> YOUR GOAL: Below is a listing; retype exactly the lines between the one containing "3D rašiklių rinkinys vaikams + PLA papildymai" and the one containing "Breda Noord-Brabant Ingang", inclusive, minus the pictures.

> DATA SHOWN:
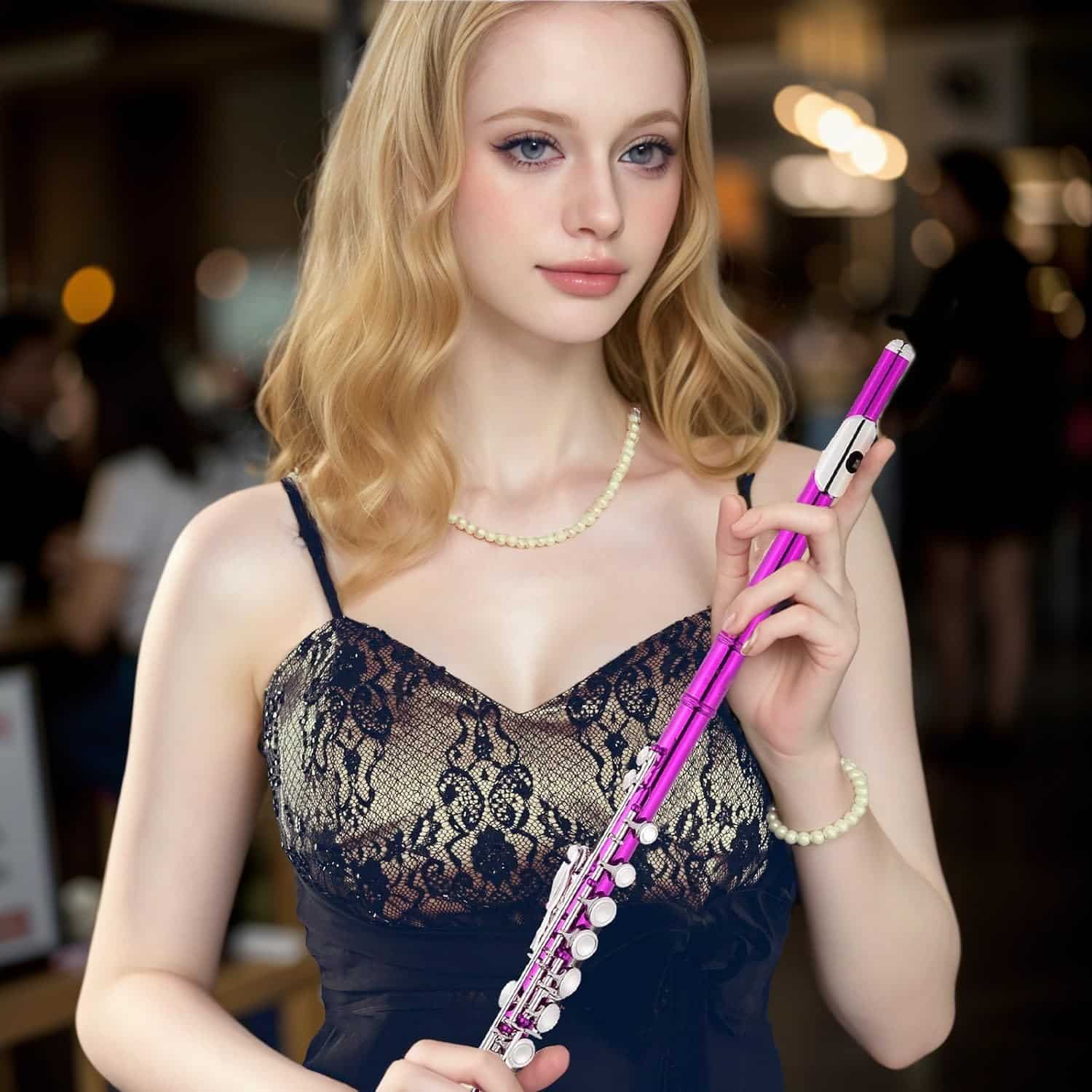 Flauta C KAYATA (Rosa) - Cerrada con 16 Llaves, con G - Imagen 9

---

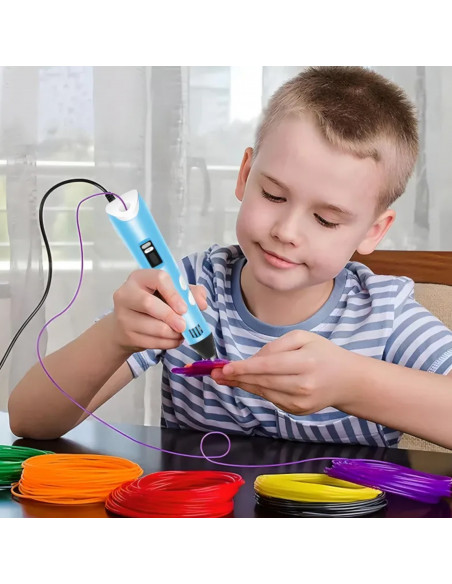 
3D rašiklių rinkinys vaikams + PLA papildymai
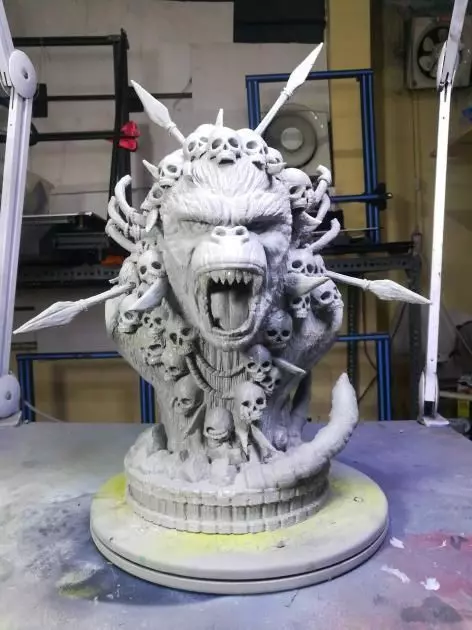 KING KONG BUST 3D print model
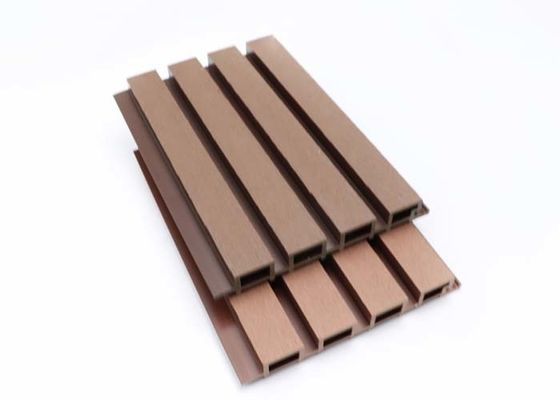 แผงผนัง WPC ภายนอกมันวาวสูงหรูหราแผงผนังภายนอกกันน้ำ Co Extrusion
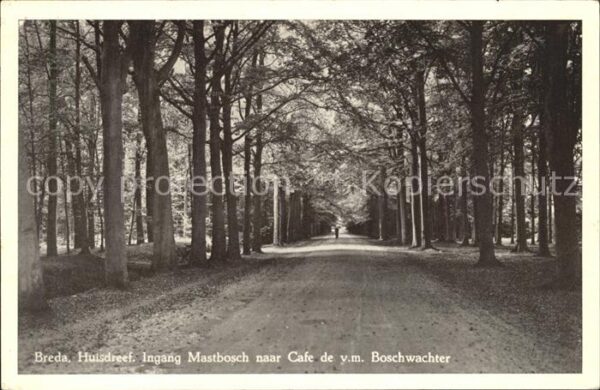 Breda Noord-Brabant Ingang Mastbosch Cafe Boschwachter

* * *

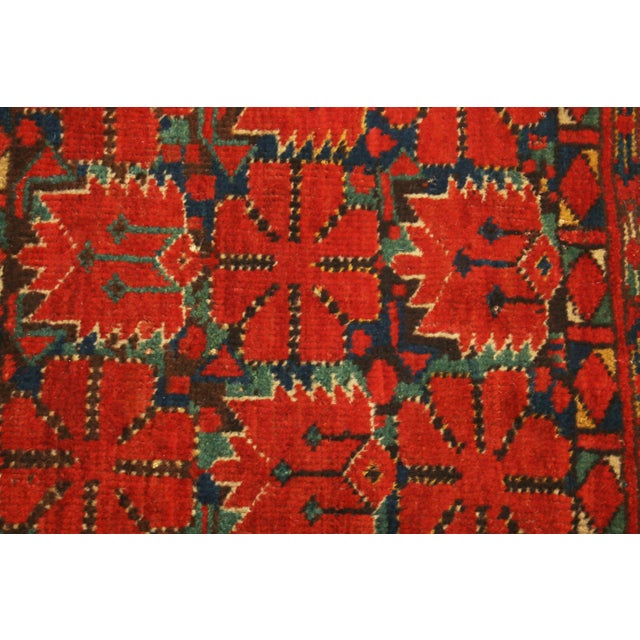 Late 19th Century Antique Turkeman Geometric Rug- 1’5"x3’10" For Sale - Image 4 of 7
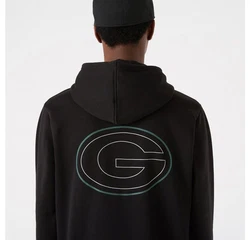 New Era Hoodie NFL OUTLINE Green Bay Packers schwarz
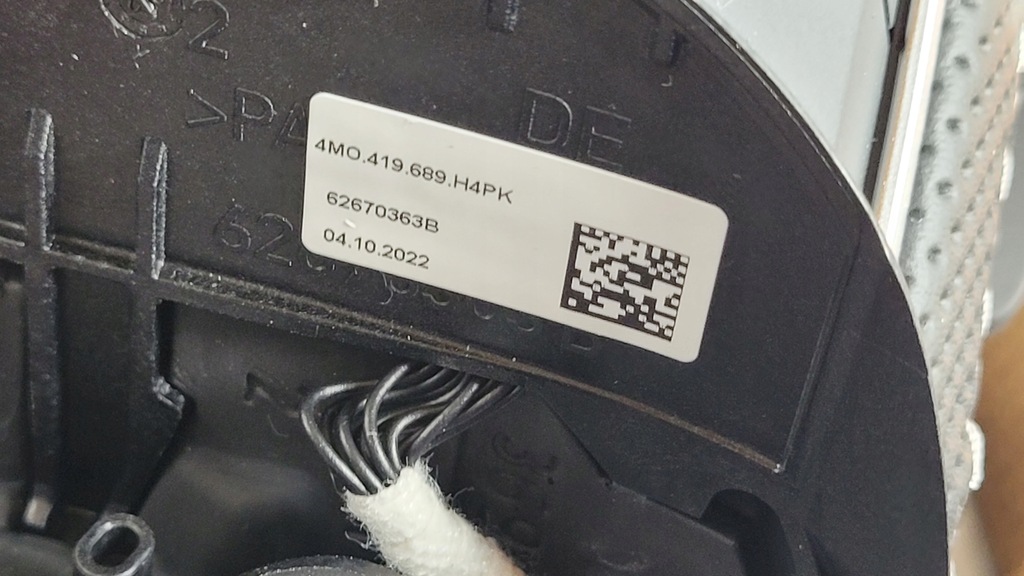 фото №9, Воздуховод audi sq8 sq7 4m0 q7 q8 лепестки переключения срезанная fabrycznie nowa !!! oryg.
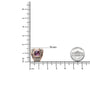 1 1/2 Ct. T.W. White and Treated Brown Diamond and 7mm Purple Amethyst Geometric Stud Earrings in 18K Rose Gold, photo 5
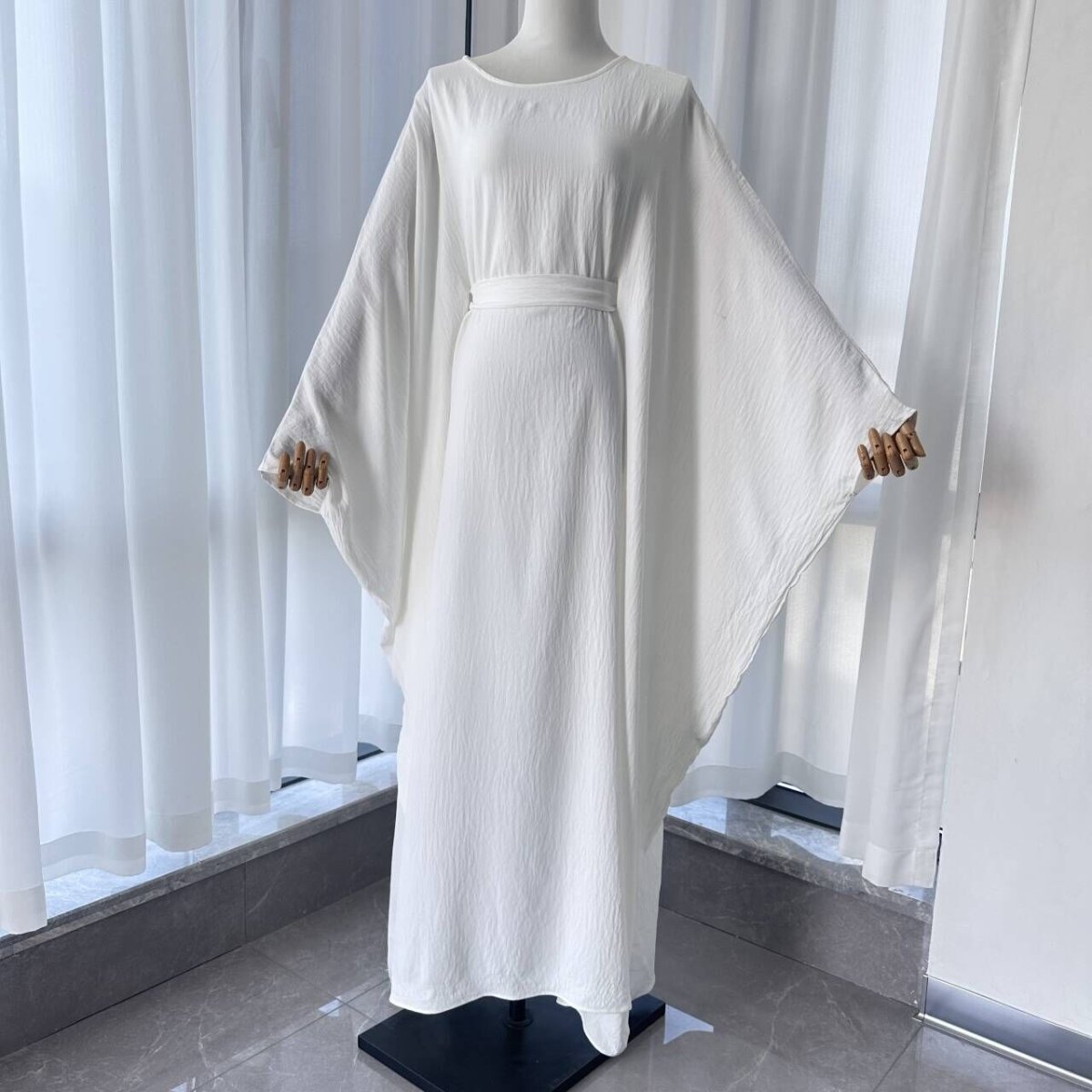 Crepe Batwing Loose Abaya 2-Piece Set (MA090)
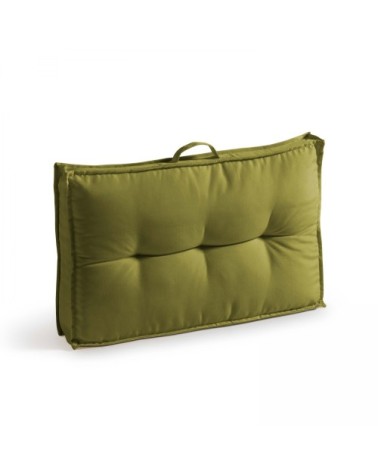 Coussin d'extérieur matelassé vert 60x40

> SOLVED EXERCISE:
3D rašiklių rinkinys vaikams + PLA papildymai
 KING KONG BUST 3D print model
 แผงผนัง WPC ภายนอกมันวาวสูงหรูหราแผงผนังภายนอกกันน้ำ Co Extrusion
 Breda Noord-Brabant Ingang Mastbosch Cafe Boschwachter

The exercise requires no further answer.